After the updated non-target sound signal feature {tilde over (X)}othter is generated by the repair module, the decoder module may obtain the second audio signal, i.e., recover a time domain signal, by performing feature decoding on the updated non-target sound signal feature Xothter of each audio frame feature. If the encoder module in FIG. 4A and FIG. 16 adopts the structure shown in FIG. 11, the decoder module may accordingly adopt a plurality of decoders to implement decoding, which is described below with reference to FIG. 18.
FIG. 18 is a block diagram illustrating a decoder module according to an embodiment of the disclosure.
Referring to FIG. 18, the decoder module includes a plurality of sub-decoders, a feature merging module, and a time domain signal recovery module. In the example illustrated in FIG. 18, the updated non-target sound signal features {tilde over (X)}othter obtained from the repair module includes a plurality of subband features, and each sub-decoder performs feature processing on the corresponding subband feature. Then, the feature merging module merges the processed plurality of subband features, for subsequent feature transformation processing. Thereafter, the time domain signal recovery module may perform a sound signal recovery operation on the merged feature to obtain a processed sound signal, i.e., the second audio signal yother. For example, the time domain signal recovery module may perform the sound signal recovery operation by using a short-time Fourier inverse transform, but the disclosure is not limited thereto, and the time domain signal recovery module may also perform the sound signal recovery operation by adopting other feature transformation methods, for example, using a CNN network to perform the sound signal recovery operation. In the disclosure, if the encoder module adopts the short-time Fourier transform to perform the feature extraction, then in the decoder module, the time domain signal recovery module may adopt the short-time Fourier inverse transform to perform the sound signal recovery operation, and correspondingly, if the encoder module adopts the CNN network to perform the feature extraction, then in the decoder module, the time domain signal recovery module may adopt the CNN network to perform the sound signal recovery operation.
The method of obtaining the second audio signal desired by the user by extracting and removing the sound of the target from the input first audio signal (i.e., the mixed audio signal) is described above with reference to the accompanying drawings, which may be applied to varieties of scenarios requiring the video inpainting, such that the sound of the inpainted video may more desirably reflect a sound environment of the inpainted video, e.g., it may be applied to the video inpainting of a cellphone in which the sound of the target or a sound within an area is extracted, separated, or eliminated. The following describes, by way of example, two application scenarios of the method performed by the electronic apparatus described above in the disclosure, but the actual use scenarios are not limited to these two scenarios.

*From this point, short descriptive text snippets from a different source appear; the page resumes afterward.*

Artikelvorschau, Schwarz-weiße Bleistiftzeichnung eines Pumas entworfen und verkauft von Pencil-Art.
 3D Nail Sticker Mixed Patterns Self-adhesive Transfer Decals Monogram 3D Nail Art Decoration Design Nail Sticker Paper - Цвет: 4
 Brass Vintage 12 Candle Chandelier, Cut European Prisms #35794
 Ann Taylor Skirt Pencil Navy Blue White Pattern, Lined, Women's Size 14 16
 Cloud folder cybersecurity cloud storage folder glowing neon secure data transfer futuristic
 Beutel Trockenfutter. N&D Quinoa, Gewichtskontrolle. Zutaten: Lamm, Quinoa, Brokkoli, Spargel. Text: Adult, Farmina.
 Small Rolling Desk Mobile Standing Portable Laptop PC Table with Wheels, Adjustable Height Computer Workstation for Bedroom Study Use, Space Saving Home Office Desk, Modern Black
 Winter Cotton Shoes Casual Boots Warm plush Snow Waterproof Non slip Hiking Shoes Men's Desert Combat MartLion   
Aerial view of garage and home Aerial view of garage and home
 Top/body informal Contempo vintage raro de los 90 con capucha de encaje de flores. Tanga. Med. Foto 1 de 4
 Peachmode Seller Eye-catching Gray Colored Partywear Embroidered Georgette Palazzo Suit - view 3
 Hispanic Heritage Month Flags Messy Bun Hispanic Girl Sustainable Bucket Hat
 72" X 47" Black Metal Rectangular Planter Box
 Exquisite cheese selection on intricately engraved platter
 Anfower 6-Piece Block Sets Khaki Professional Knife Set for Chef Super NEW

FIG. 19 illustrates a schematic diagram of applying a method performed by an electronic apparatus in a scenario where a target overlaps with other sound sources when a video is recorded according to an embodiment of the disclosure.
Referring to FIG. 19, when the video is being recorded, when a moving car (which is a target to be removed in the video inpainting, and whose area is labeled as a mask) overlaps with a position of a pedestrian at a certain moment, after the above method performed by the electronic apparatus of the disclosure is applied, only the sound of the car may be removed from the recorded video, meanwhile the sound of the pedestrian may be repaired accordingly.
Specifically, firstly, the user may record the video of the above scenario, and when the video inpainting operation is performed, the user may select the above car as the target to be removed, the sound of the car may be removed and the sound of the pedestrian may be retained by using the above method performed by the electronic apparatus of the disclosure. In addition, when the pedestrian in the video is obstructed by the car, the sound of the pedestrian will be processed and repaired accordingly, thereby improving listening experience of the user.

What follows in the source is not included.